His second reservation was the allowing of dual nationality which he said diluted patriotism even if it paved the way for the reversing of the brain drain which took place after his 1987 coups.

The third reservation was most concerning for him was that which ignored the group rights of the indigenous I’Taukei and Rotuman people.

To him it was unacceptable that the 2013 constitution presumed there was no differentiation between the people.

“For an indigenous i’Taukei to be called a Fijian means more than being a Fijian citizen. It means being registered in the i’Taukei Vola ni Kawa Bula (VKB) as a member of a customary landowning Mataqali. (Traditionally, each Fijian villager is born into a certain role in the family unit or Tokatoka. Various heads of the family will administer and lead the family unit within the village community. Each chief of the village will in turn lead the people to fulfill their role to the Vanua.)

Mataqali and land rights
Each village will have several family units/Tokatoka  which are part of one clan or Mataqali. Several Mataqali will make up the larger tribe or Yavusa. Several Yavusa will belong to a certain land mass and comprise thereby the Vanua (confederation of Yavusa)..

Fiji social scientist Dr Asesela Ravuvu described the Vanua as:”The living soul or human manifestation of the physical environment which the members have since claimed to belong to them and to which they also belong. The land is the physical or geographical entity of the people, upon which their survival…as a group depends. Land is thus an extension of the self. Likewise, the people are an extension of the land.

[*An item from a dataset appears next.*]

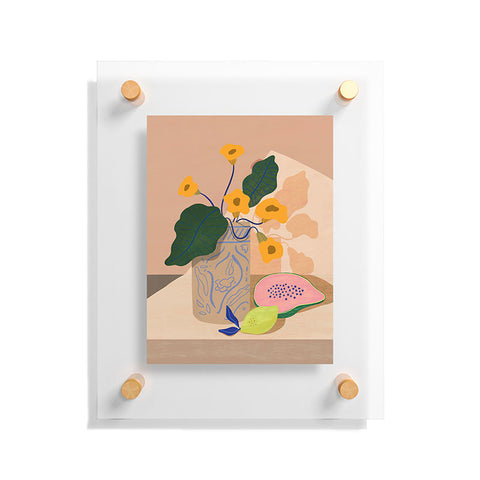 artyguava Lemon Papaya Floating Acrylic Print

Land becomes lifeless and useless without the people, and likewise the people are helpless and insecure without land to thrive upon.”

Therein lies the dilemma for the I’Taukei who no longer recognises the Mataqali he or she belongs to in Aotearoa NZ, having been away from the family clan.

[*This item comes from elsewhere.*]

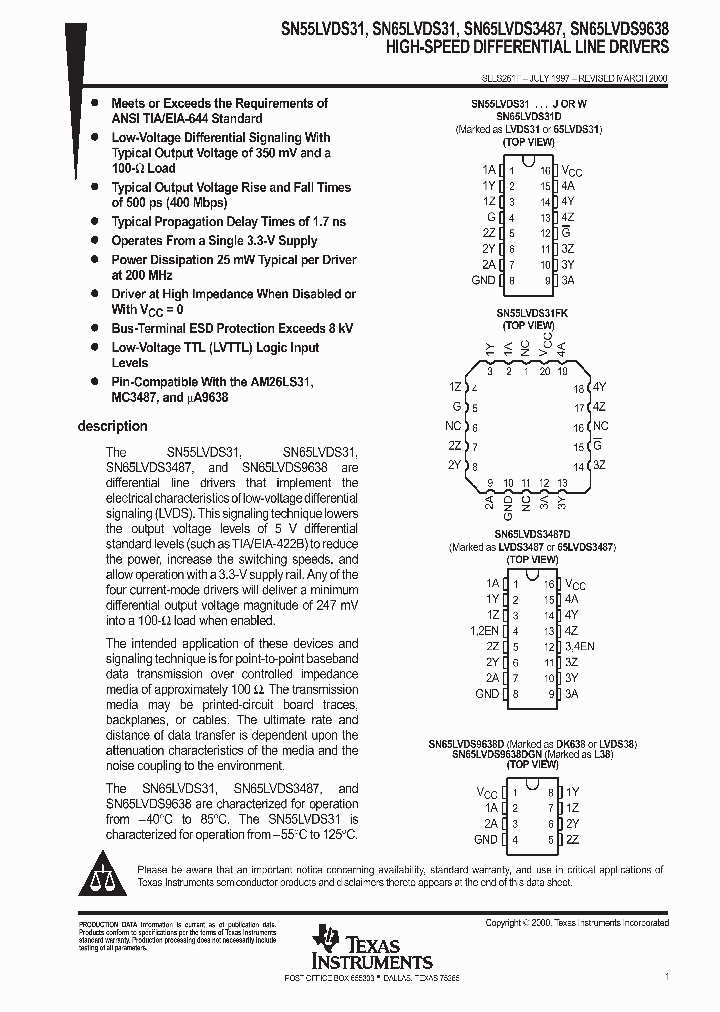 SN65LVDS31_9045378.PDF Datasheet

With that comes the loss of identity and a reversion and accession to the Western World and hence that brings its own problems.

As Niuean Dr Collin Tukuitonga, who left Fiji after the 1987 coup, assesses: “People feel disconnected from their social norms and traditional values, family connections are disturbed and of course that is almost an inevitable consequence that young people in particular would turn to drugs and crime. That is why I see languages as a protective element for our people.”

The impacts of the loss identity can be devastating, but HOPE party leader Roko Tupou Draunidalo, stepdaughter of the 1987 Prime Minister Timoci Bavadra, has a different take on the subject.

“I am otherwise of the view that every Fijian born in Fiji or anywhere in the Pacific or with Fijian ancestry that lived in the Pacific with Pacific cultures and interactions is Fijian and therefore a Pacific Islander,” she says with conviction.

Culture alive and well
“I’Taukei have not lost their culture, it is alive and well and you need to go any village or I’Taukei home to realise that.”

However, that is not case in Aotearoa NZ. That Ryan Gounder was recognised for his work by the Ministry of Pacific Peoples despite being Indo-Fijian is a rarity rather than the norm.

The Search for the Indo-Fijian identity will require an act of Parliament so that they are differentiated from Southeast Asian Indians.

Currently they have to tick the Indian box in the census and are not recognised by some universities as Pasifika Peoples.

Vijay Naidu
Professor Vijay Naidu … former NZ Prime Minister Helen Clark strongly of the view that Indo-Fijians are “Pasifika”. Image: Sri Krishnamurthi/PMC

As Professor Vijay Naidu explains: “In response to a letter from Lorraine Pillay in early 2000 which inquired whether Indo-Fijians were ‘Pasifika’, the then PM Helen Clark’s office responded strongly in the affirmative.”

Pillay raised this identity question when she was told in a Wellington workshop for senior teachers and principals of secondary schools that Indo-Fijians were not eligible for scholarships as they were not considered to be “Pasifika”.

In sharp contrast to this standpoint, when I joined Victoria University of Wellington, Pasifika staff and students, and the wider community welcomed me as a “Pasifika” person.

As Professor Brij Lal has stated, generations of living in Fiji have changed our identity and outlook. We are indeed children of the ‘Pacific’!”